[PROBLEM TO WORK ON]
In your copy, each line below is repeated exactly and no image appears.
··· EXERCISE MATERIAL ···
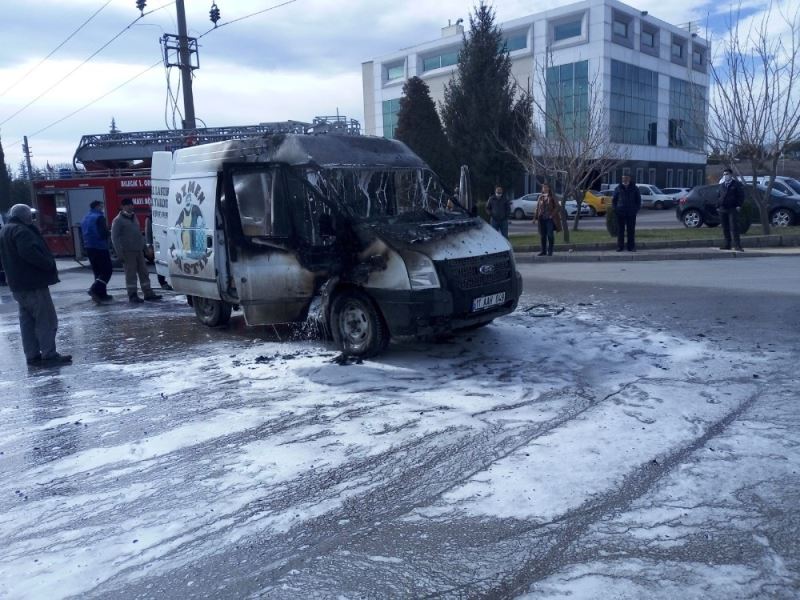 Seyir halindeyken yanmaya başladı
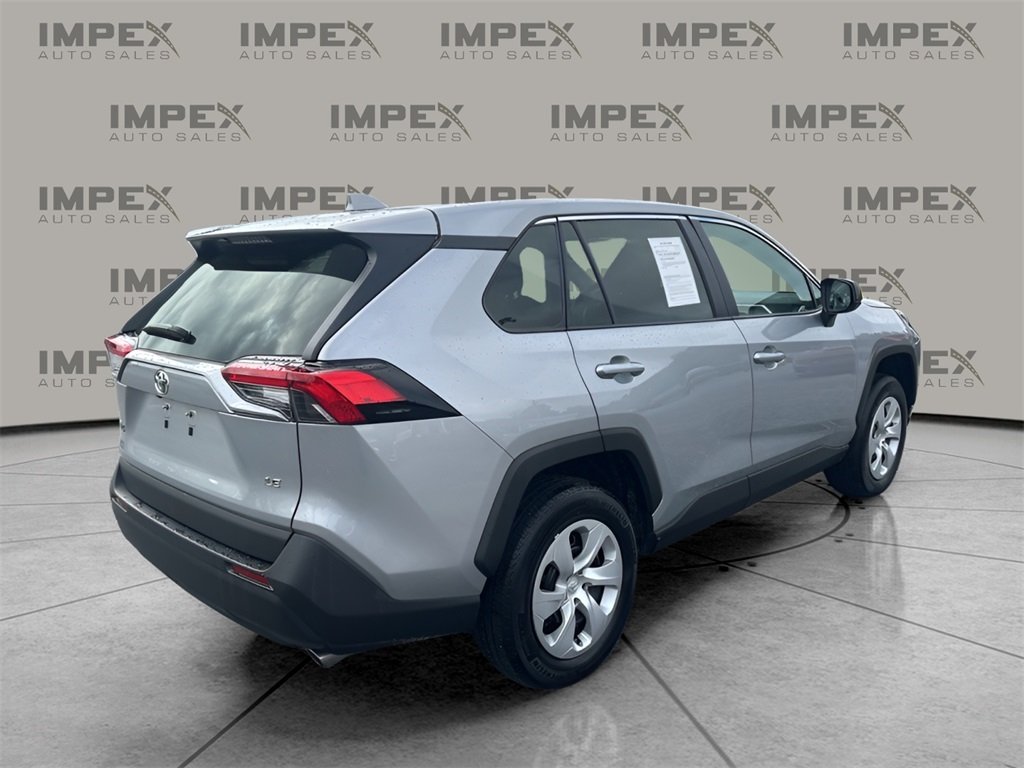 2025 Toyota RAV4 LE photo 5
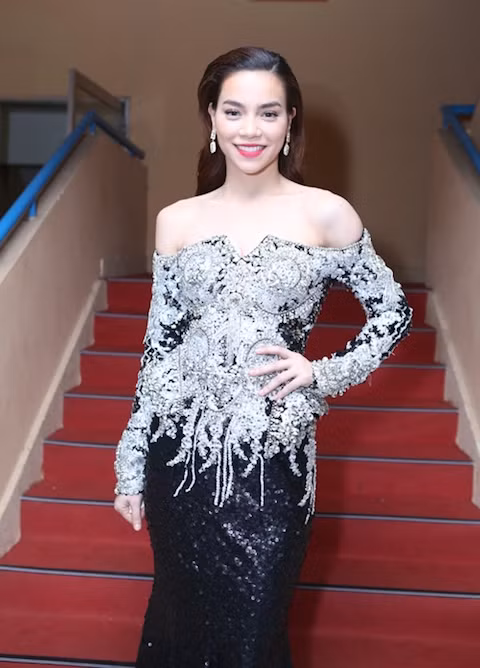 Đầm trễ vai bật lên nước da mịn màng, bờ vai thon đầy khiêu gợi.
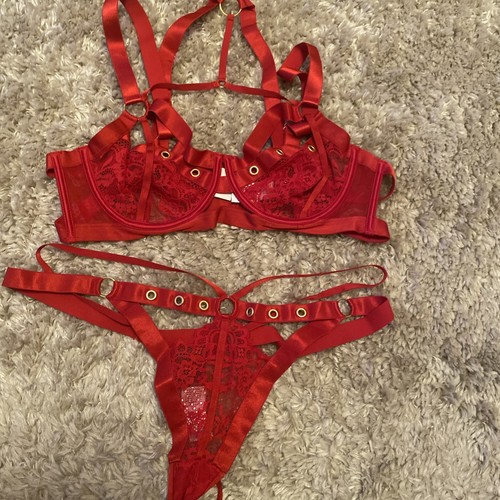 New and unworn lingerie set - unworn,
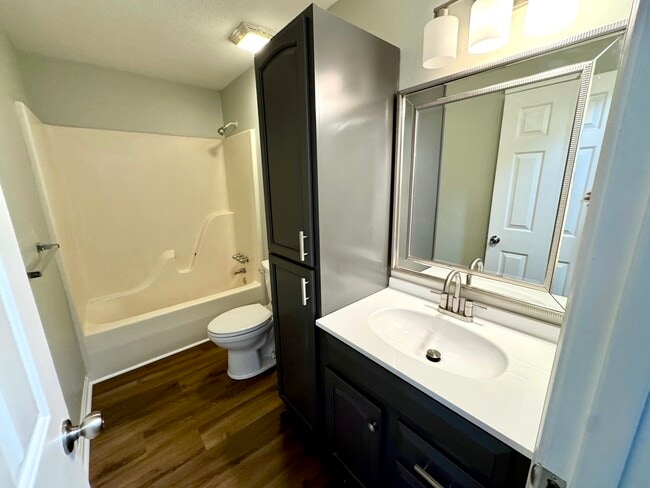 Building Photo - 185 Stonehouse Rd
···
[SOLUTION TO THIS EXERCISE]
 Seyir halindeyken yanmaya başladı
 2025 Toyota RAV4 LE photo 5
 Đầm trễ vai bật lên nước da mịn màng, bờ vai thon đầy khiêu gợi.
 New and unworn lingerie set - unworn,
 Building Photo - 185 Stonehouse Rd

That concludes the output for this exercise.